Et tu as ensuite rencontré Laure Marchand et Guillaume Perrier…

Dans La Turquie et le fantôme arménien (Actes Sud, 2013), ils ont mené une vaste enquête sur les survivants restés en Turquie. Ces derniers ont été assimilés, islamisés, renommés pour échapper aux massacres puis aux brimades qui suivirent. Tout ce qui les reliait à leur identité a été effacé. Beaucoup de ces survivants ont été protégés par leurs bourreaux, qui s’appropriaient ainsi les terres et les biens de leurs familles. Pour la diaspora arménienne, en tout cas à Marseille, il était évident qu’il ne restait plus aucun Arménien en Turquie. Lorsque le grand-père de Varoujan arrive dans la cité phocéenne en 1923, ils ne sont que deux survivants sur les quarante membres de sa famille. L’idée de Laure et Guillaume était donc de raconter la rencontre entre des personnes issues de la diaspora et des fils de survivants restés en Turquie. Rencontre entre un monde qui s’est raccroché à sa culture dans l’exil, loin de ses terres, et un autre qui a dû, contraint et forcé, l’abandonner pour survivre.

Pourtant, certaines personnes en Turquie, comme Miran, font ce travail de mémoire…

Ceux qui le veulent peuvent commémorer le génocide. Mais lorsqu’ils le font de manière spectaculaire (comme la manifestation à laquelle Miran a participé en 2013 et qu’on raconte dans la BD), ils se mettent clairement en danger. Si Miran n’était pas aussi exubérant, il n’aurait certainement jamais osé. Les Kurdes et le PKK participent également à ce travail de mémoire, en reconnaissant leur participation active au génocide des Arméniens. D’une certaine manière, ils s’identifient aujourd’hui aux Arméniens en tant que minorité opprimée par Ankara. D’ailleurs, la mairie qui a accueilli l’exposition de Varoujan est tenue par un parti pro-kurde, le Parti de la société démocratique, sans qui l’organisation de l’exposition n’aurait pas vu le jour.

C’est un geste fort, dans un pays où le négationnisme est très présent…

Le négationnisme en Turquie a pris d’autres moyens que la simple interdiction, il va par exemple fêter des martyrs turcs en lieu et place du génocide.

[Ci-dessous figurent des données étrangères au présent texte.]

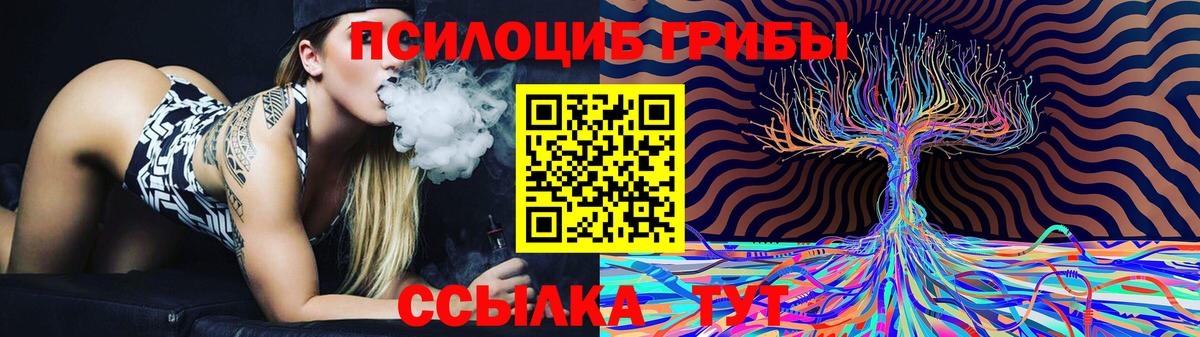 как найти наркотики  Вход с VPN  Гагарин  Псилоцибиновые грибы GOLDEN TEACHER 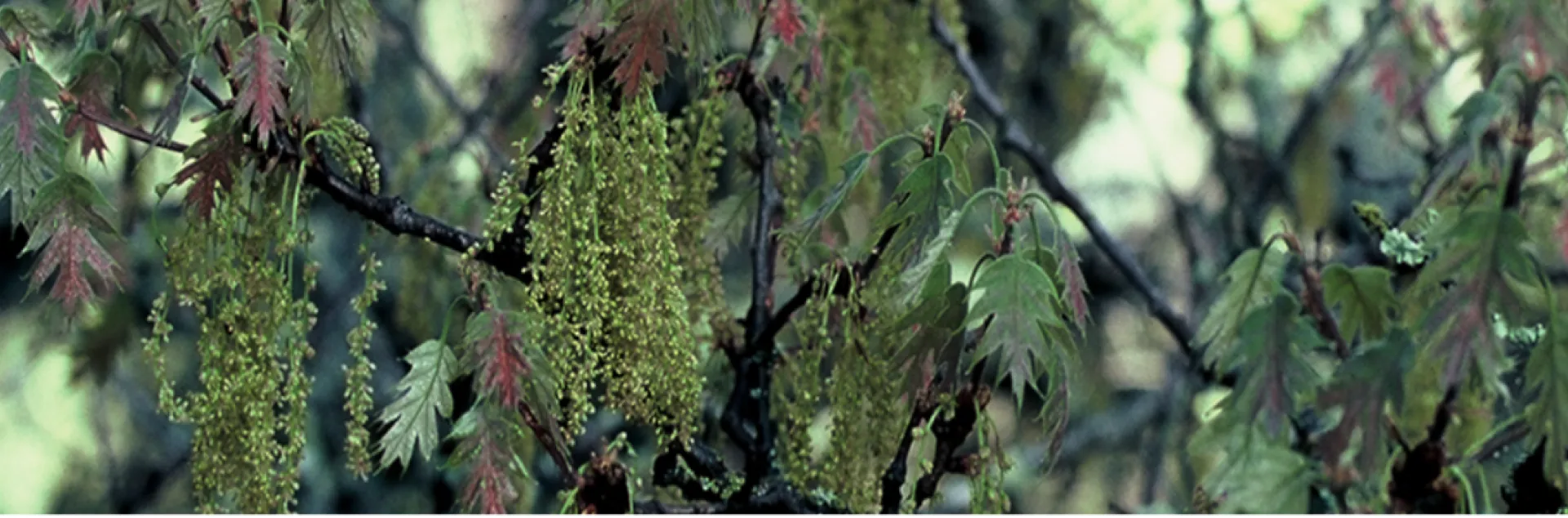 black oak leaves dangle down from branches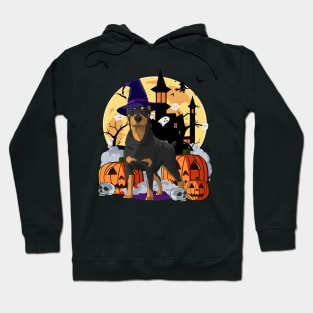 Doberman Pinscher Halloween Pumpkin Witch Hoodie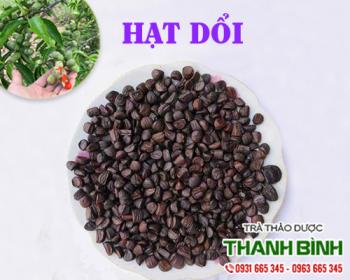 Mua bán hạt dổi tại huyện thanh trì có tác dụng điều trị bệnh tiêu hóa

C’est vraiment insupportable. En ne reconnaissant pas le génocide, ils empêchent les Arméniens de rentrer dans l’Histoire. À ce titre, les condoléances du président de la République Erdogan à l’adresse des Arméniens est une grosse blague. Il parle des « circonstances du début du XXe siècle  » sans préciser de quoi il s’agit  : la Première Guerre mondiale ? Une catastrophe naturelle ? Ou un génocide, peut-être ?


1 Laure Marchand, Guillaume Perrier, Thomas Azuélos, Le Fantôme arménien, Futuropolis, avril 2015.

2 Journalistes correspondants en Turquie pour Le Figaro et Le Monde.

3 Association pour la recherche et l’archivage de la mémoire arménienne.

4 Palme d’or du court-métrage à Cannes en 2010.

5 Constantinople devient Istanbul en 1930.